Reliefs. Secondly, he touches the question of reliefs. The heir of lands held in chief of the crown shall no longer, as was done in his brother’s time, be constrained to redeem his land at an arbitrary price; he shall relieve it by a just and lawful relief.[859] And as the King does by his tenants-in-chief, he calls on his tenants-in-chief to do in their turn by their under-tenants.
Marriage. Thirdly, he comes to the abuse of the lord’s rights in the matter of marriage.[860] He will take nothing for licence of marriage, nor will he meddle with the right of his tenants to dispose of their daughters or other kinswomen, unless the proposed bridegroom should be the King’s enemy. The rights of the childless widow are also secured.
Wardship. The fourth clause touches the case of the widow with children. The mother herself or some fitting kinsman shall have the wardship.[861] And as the King does by his barons, so shall they do in the case of the daughters and widows of their men.
The coinage. Fifthly, the coinage is to be brought back to the state in which it was in the days of King Eadward, and justice is denounced against false moneyers and other retailers of false coin.[862] Sharp justice it was, as we know from the annals of Henry’s reign.

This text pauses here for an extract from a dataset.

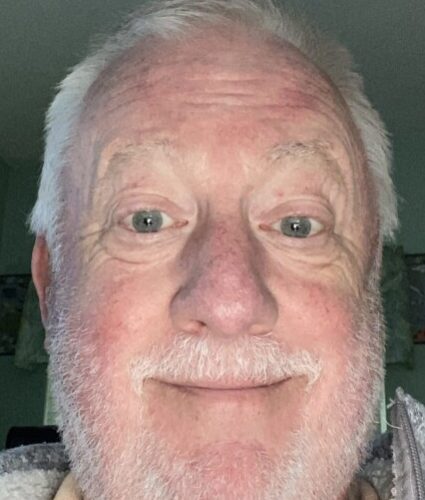 Profile picture of Herbert Schmidt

Debts and suits. Sixthly, The King forgives all debts owing to his brother, and stops all suits set on foot by him. This is not the first time in which it is presumed that claims made by the crown must be unjust. Henry excepts debts arising out of the ordinary farming of the crown lands; he excepts also anything that any man had agreed to pay for the inheritances or other property of others.[863] Does this refer to property confiscated and sold by the King? Payments which had been made in relief for a man’s own inheritance are specially forgiven.[864]